- Task instructions
Below are records; give the number of their lines that hold the word "Garden", and write nothing more.

Short text fragments from websites
- - - - - - -

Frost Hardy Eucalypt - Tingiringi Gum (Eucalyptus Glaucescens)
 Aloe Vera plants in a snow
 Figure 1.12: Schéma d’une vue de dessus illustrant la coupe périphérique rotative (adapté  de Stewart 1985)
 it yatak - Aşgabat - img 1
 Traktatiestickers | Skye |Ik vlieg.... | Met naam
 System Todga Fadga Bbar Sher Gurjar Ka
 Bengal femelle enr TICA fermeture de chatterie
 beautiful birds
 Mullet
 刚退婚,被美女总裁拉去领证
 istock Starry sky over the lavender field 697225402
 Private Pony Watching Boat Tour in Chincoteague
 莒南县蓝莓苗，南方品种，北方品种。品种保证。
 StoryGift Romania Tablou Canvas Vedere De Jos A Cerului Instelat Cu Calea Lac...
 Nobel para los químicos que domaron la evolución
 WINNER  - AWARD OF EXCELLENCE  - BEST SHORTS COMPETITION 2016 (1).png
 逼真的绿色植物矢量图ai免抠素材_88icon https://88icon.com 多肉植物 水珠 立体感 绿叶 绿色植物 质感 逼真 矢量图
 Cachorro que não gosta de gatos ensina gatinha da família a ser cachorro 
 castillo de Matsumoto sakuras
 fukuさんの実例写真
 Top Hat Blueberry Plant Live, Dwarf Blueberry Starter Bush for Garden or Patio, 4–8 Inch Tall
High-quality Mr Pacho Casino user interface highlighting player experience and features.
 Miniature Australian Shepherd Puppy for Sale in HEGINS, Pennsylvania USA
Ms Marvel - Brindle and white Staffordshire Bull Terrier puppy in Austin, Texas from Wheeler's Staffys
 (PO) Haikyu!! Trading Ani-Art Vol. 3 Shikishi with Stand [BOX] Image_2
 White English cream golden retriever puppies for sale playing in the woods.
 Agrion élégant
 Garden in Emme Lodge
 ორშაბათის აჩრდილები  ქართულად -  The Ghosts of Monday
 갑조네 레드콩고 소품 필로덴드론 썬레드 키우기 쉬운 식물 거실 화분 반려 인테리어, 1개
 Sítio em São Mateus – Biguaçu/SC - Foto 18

- - - - - - -

- Response area
2